Manger
Si notre métier c'est d'écrire, il nous faut manger : ce qui ne va pas de soi. L'écriture nous a engagé. Elle nous laisse cependant le libre choix des interims.
On cherche ce qui pourrait nous convenir. Sachant qu'au combat qui s'opère avec les mots, jour après jour s'ajoutera, sans qu'on puisse sans défaire, le combat pour les mots.
Gagner son pain mais aussi gagner du temps, de l'expérience, de l'imaginaire. Combiner tout cela en une valse quotidienne. Et servir, sans trop se faire piétiner, cette pulsion élaborée qu'est l'écriture.
Plusieurs pistes s'offrent à nous : on s'y engouffre, inconsciemment parfois. On en change car aucune n'est exempte des contingences qui rendent l'écriture impraticable, inhumaine.

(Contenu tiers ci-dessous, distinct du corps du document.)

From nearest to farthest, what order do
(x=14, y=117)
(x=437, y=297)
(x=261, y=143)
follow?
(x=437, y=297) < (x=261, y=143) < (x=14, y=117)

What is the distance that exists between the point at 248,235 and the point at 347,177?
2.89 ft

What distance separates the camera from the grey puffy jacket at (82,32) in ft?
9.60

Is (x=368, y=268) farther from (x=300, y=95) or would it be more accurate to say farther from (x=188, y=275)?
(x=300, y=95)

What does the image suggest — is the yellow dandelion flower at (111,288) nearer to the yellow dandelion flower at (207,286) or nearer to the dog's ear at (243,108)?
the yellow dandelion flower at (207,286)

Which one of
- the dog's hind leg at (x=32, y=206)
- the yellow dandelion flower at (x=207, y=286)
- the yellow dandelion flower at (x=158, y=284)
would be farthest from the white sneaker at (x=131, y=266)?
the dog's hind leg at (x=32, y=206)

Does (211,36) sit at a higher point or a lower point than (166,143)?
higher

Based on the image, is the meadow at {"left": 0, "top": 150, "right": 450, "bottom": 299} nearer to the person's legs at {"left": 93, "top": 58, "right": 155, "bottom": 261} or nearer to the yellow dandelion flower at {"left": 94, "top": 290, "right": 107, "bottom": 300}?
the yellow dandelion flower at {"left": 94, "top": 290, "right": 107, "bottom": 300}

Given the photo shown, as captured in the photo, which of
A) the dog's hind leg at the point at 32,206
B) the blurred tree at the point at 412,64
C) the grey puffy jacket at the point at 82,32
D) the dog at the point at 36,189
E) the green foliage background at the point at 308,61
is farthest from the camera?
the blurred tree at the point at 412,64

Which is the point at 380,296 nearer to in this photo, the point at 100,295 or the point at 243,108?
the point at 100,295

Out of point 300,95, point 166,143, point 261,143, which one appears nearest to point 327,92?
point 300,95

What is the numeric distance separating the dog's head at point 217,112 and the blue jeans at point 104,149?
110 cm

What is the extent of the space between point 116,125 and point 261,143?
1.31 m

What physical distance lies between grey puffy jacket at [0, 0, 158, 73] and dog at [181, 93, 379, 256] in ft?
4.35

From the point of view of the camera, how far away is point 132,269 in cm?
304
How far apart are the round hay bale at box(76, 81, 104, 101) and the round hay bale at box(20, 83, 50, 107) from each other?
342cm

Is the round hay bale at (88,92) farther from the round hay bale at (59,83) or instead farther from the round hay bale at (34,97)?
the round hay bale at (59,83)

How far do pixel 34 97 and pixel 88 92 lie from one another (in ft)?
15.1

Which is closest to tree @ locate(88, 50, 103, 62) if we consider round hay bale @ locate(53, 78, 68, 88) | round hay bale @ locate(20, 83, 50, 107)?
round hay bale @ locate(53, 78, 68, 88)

La première consiste à tout lui sacrifier. S'y consacrer aux heures ouvrables et au-delà, sur des textes qui nous hantent, exclusivement. Et en payer le prix, qui serait plutôt un tribut de misère. Vivre chichement n'est pas un obstacle mais plutôt une habitude, une donnée de départ. Et accepter cela dans une maison de solitude.

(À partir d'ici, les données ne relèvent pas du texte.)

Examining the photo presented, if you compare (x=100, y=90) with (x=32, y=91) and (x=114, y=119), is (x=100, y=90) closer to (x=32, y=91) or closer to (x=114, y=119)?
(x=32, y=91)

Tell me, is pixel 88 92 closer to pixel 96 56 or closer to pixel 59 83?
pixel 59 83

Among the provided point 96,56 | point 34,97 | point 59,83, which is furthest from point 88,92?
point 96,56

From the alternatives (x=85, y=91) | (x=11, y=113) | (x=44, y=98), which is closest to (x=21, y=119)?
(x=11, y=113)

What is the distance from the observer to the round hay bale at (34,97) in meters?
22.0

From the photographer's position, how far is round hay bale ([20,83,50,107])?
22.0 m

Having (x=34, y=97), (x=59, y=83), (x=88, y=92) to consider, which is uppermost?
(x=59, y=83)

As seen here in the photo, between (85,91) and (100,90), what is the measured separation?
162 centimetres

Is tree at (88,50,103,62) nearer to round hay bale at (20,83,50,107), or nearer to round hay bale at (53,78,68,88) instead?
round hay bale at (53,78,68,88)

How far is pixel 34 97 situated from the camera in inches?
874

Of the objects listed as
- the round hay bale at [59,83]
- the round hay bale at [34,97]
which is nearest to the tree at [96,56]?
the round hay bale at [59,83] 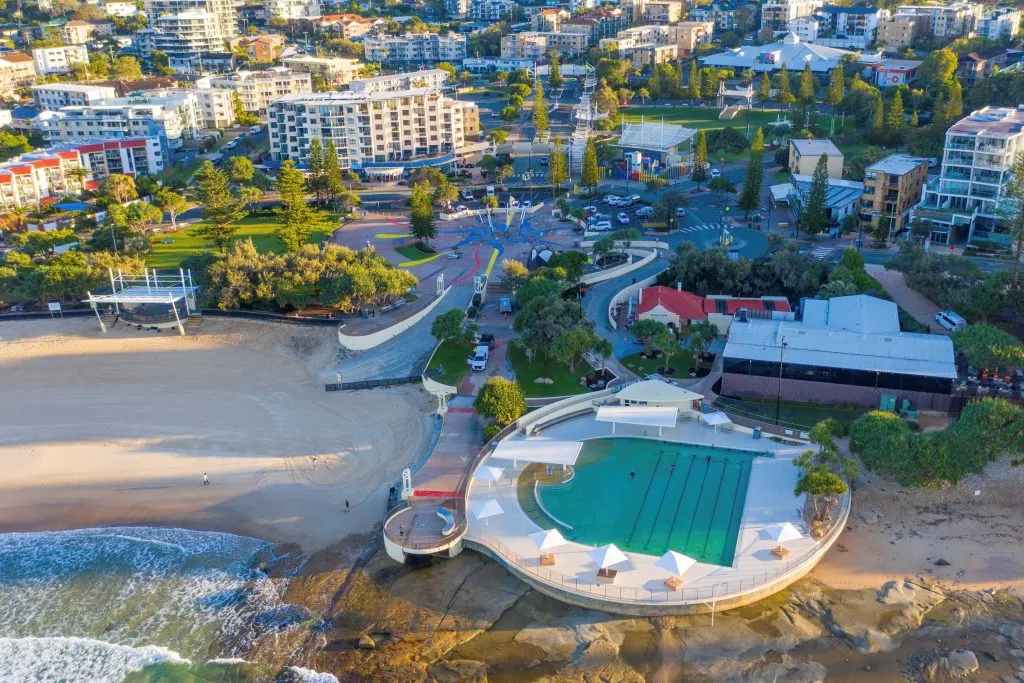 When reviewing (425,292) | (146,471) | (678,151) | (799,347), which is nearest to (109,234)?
(425,292)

La seconde piste, bâtarde et moins glorieuse compose avec des emplois à temps partiel. Si possible dans un champ d'action proche ... Un emploi culturel ... Lorsque l'on sort du travail, on est libre, pour quelques heures. Tout est alors question d'organisation et de pugnacité. Surtout lorsque les textes sur lesquels on travaille veulent se déployer et attendent de nous une constante présence.
La troisième piste ouvre l'oeil sur les différents moyens de subventions. Une bourse, une commande, une résidence ; autant de moyens de mener à bien, fut-ce temporairement, cet équilibre entre rémunération et création. Mais là encore, les écueils pointent leur nez. Car on en vient à écouter, non plus le rythme propre de l'écriture, mais celui des calendriers, des cahiers des charges.
Plus tard, il se peut que l'on trouve d'autres pistes, que d'aucuns, déjà, ont éprouvées. Puissent-elles n'être que pointillés s'effaçant derrière le livre fini, et non stigmates qui le sclérosent.